(Available data)

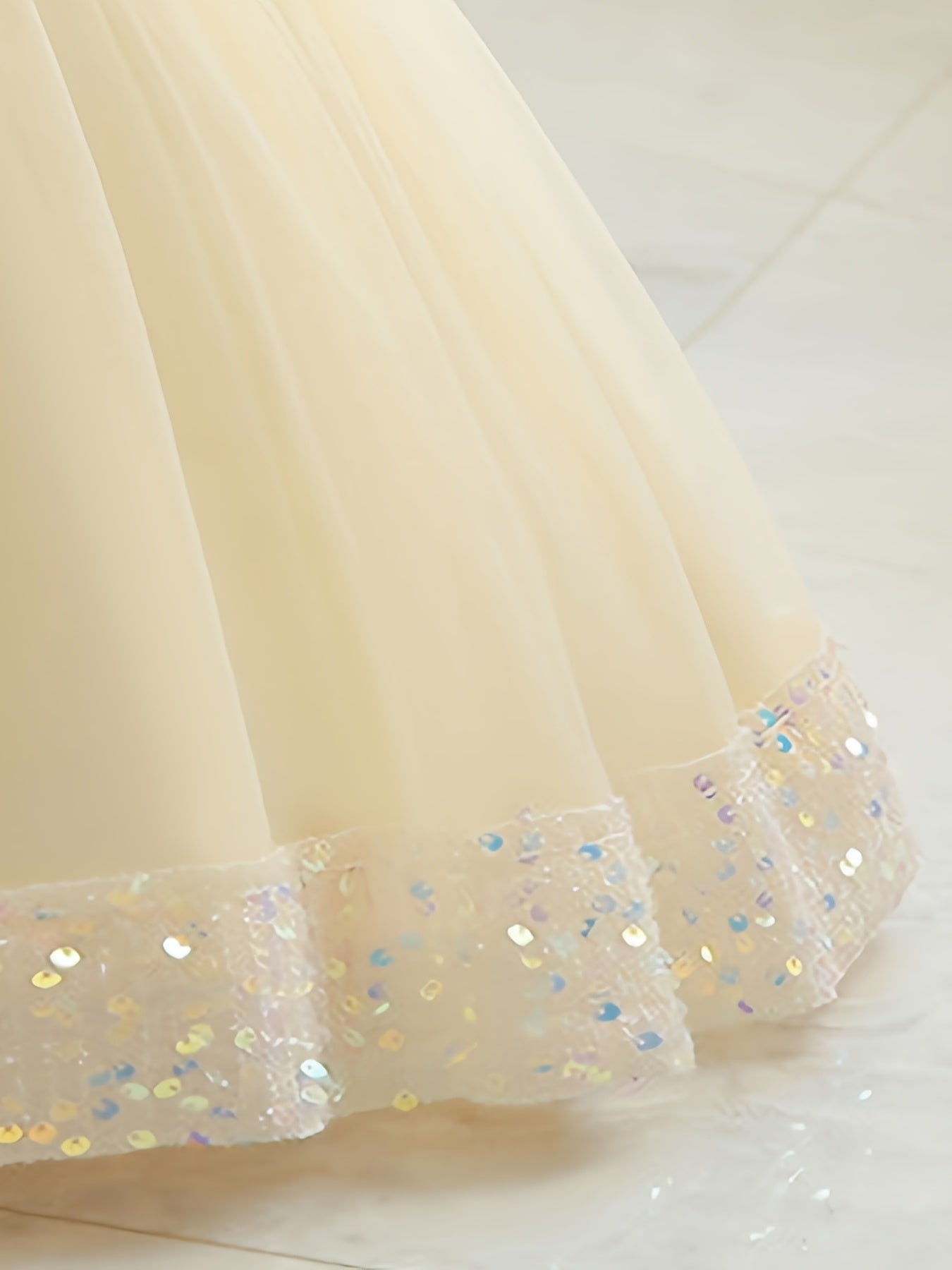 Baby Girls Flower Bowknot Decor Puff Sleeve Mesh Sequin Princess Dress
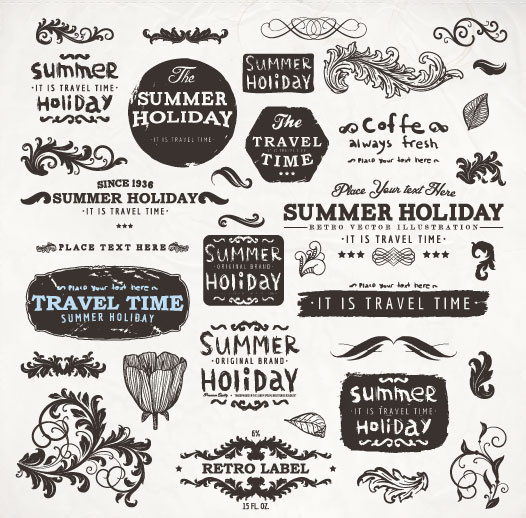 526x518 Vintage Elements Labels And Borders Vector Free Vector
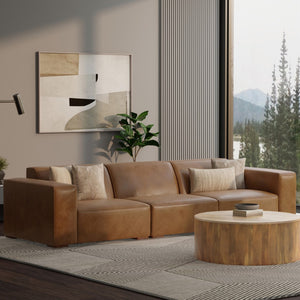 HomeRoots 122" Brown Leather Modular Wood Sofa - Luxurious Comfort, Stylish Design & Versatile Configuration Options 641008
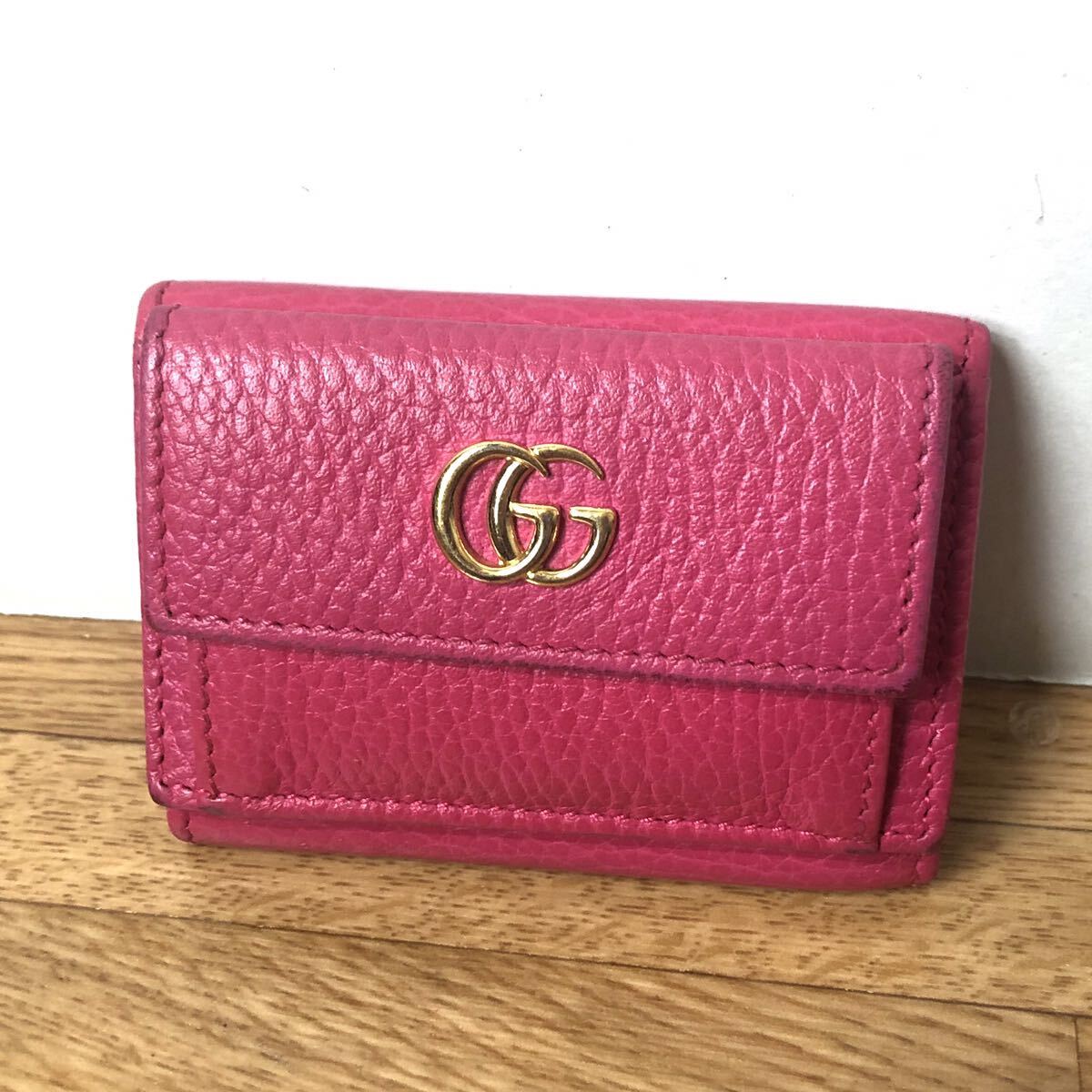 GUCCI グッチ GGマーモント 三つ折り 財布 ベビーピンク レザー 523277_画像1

(End Available data)
(Available data)

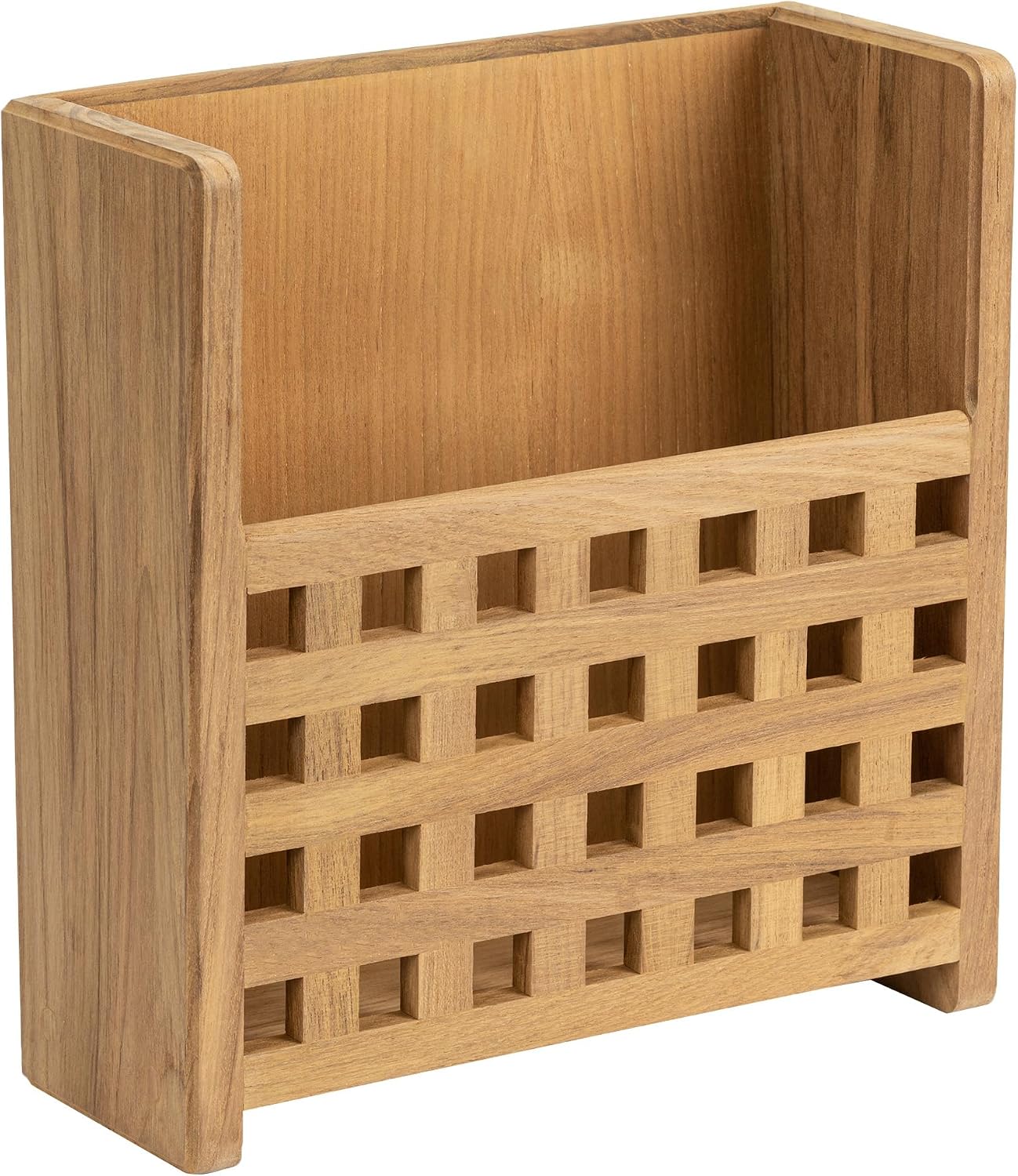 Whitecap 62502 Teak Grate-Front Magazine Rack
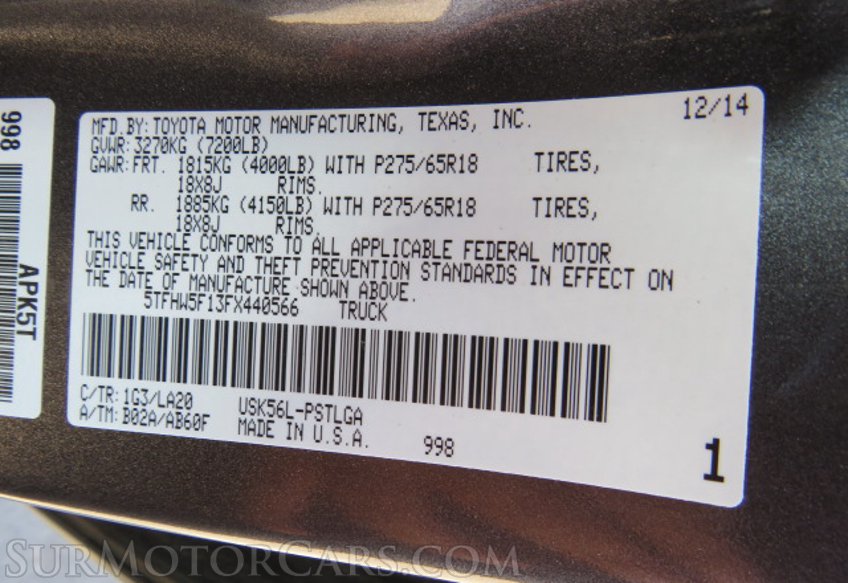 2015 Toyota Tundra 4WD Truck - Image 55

(End Available data)

→ What the exercise asks
Look back over the records above. Reproduce exactly everything from the line with "Baby Girls Flower" down to the line with "GUCCI グッチ GGマーモント", inclusive, and leave the pictures out.

→ Result of the task
 Baby Girls Flower Bowknot Decor Puff Sleeve Mesh Sequin Princess Dress
 526x518 Vintage Elements Labels And Borders Vector Free Vector
 HomeRoots 122" Brown Leather Modular Wood Sofa - Luxurious Comfort, Stylish Design & Versatile Configuration Options 641008
 GUCCI グッチ GGマーモント 三つ折り 財布 ベビーピンク レザー 523277_画像1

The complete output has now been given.